● Task instructions
The data below is to be output in full, unchanged.

● Input records

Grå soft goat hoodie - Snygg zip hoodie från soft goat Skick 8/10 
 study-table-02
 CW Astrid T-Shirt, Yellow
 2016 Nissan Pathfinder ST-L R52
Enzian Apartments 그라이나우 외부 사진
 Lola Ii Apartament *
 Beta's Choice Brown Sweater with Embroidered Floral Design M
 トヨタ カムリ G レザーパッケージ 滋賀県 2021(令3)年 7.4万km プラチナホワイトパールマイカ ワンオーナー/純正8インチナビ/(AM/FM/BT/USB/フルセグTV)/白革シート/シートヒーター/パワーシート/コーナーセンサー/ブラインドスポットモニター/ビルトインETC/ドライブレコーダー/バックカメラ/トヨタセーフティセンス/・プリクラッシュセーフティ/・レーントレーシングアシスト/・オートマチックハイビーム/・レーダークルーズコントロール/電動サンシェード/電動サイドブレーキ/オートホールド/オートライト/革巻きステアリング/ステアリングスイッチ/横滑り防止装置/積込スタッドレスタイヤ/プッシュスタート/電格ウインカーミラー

● Completed task
Grå soft goat hoodie - Snygg zip hoodie från soft goat Skick 8/10 
 study-table-02
 CW Astrid T-Shirt, Yellow
 2016 Nissan Pathfinder ST-L R52
Enzian Apartments 그라이나우 외부 사진
 Lola Ii Apartament *
 Beta's Choice Brown Sweater with Embroidered Floral Design M
 トヨタ カムリ G レザーパッケージ 滋賀県 2021(令3)年 7.4万km プラチナホワイトパールマイカ ワンオーナー/純正8インチナビ/(AM/FM/BT/USB/フルセグTV)/白革シート/シートヒーター/パワーシート/コーナーセンサー/ブラインドスポットモニター/ビルトインETC/ドライブレコーダー/バックカメラ/トヨタセーフティセンス/・プリクラッシュセーフティ/・レーントレーシングアシスト/・オートマチックハイビーム/・レーダークルーズコントロール/電動サンシェード/電動サイドブレーキ/オートホールド/オートライト/革巻きステアリング/ステアリングスイッチ/横滑り防止装置/積込スタッドレスタイヤ/プッシュスタート/電格ウインカーミラー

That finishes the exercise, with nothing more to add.